I find Using Chemacs really easy for switching between different emacs configs.

I made an answer here: https://emacs.stackexchange.com/a/44678/11979 .

2
  • This is what I ended up using (switching to chemacs2 later). Now I'm back because I'm in just the same situation with switching to doom emacs! Years have passed since my first attempt, and every time I run into problems annoying enough to prevent me exploring doom emacs alongside spacemacs. I'll start another question, hoping somebody knows how. Apr 1 at 11:15
  • 1
    Emacs 29 (next release) has a built-in solution now for using multiple config. Maybe that can help as well.
    – Asme Just
    Apr 2 at 1:13
21

One option is to specify which configuration you want to load in a ~/.emacs file. When Emacs starts up it will look for such a file before looking in ~/.emacs.d/. For more details you can read about the Init File in the Emacs manual.
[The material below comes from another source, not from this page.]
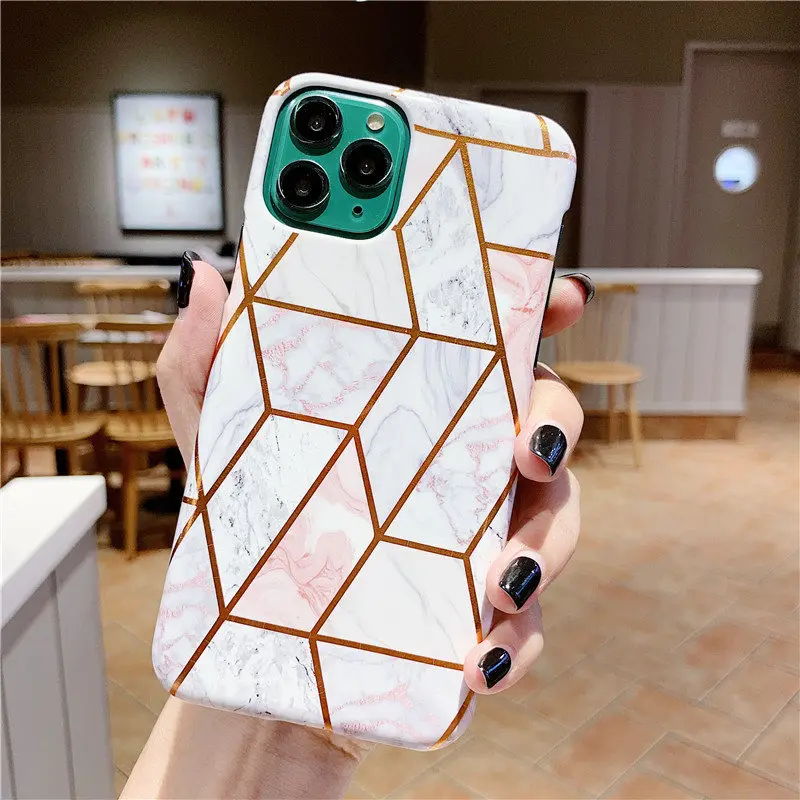 8310 Lovebay мраморный геометрический текстурный чехол для телефона iPhone 7 8 Plus X XR XS Max 11 Pro Жесткий ПК Чехлы для задней чехол для iPhone 7 - Цвет: 8310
So for example you might create a ~/.spacemacs.d and keep your existing ~/.emacs.d as it is. Then create a ~/.emacs to load whichever one you are in the mood to use:

(setq use-spacemacs t)   ; or nil 

(when use-spacemacs
  (setq user-emacs-directory "~/.spacemacs.d/"))   ; defaults to ~/.emacs.d/

(load (expand-file-name "init.el" user-emacs-directory))

If you want you can come up with ways to switch configs without modifying the .emacs file. For example, have your .emacs check for some environment variable that you set in your shell or in a script that you use to start spacemacs:

(setq use-spacemacs (getenv "USE_SPACEMACS"))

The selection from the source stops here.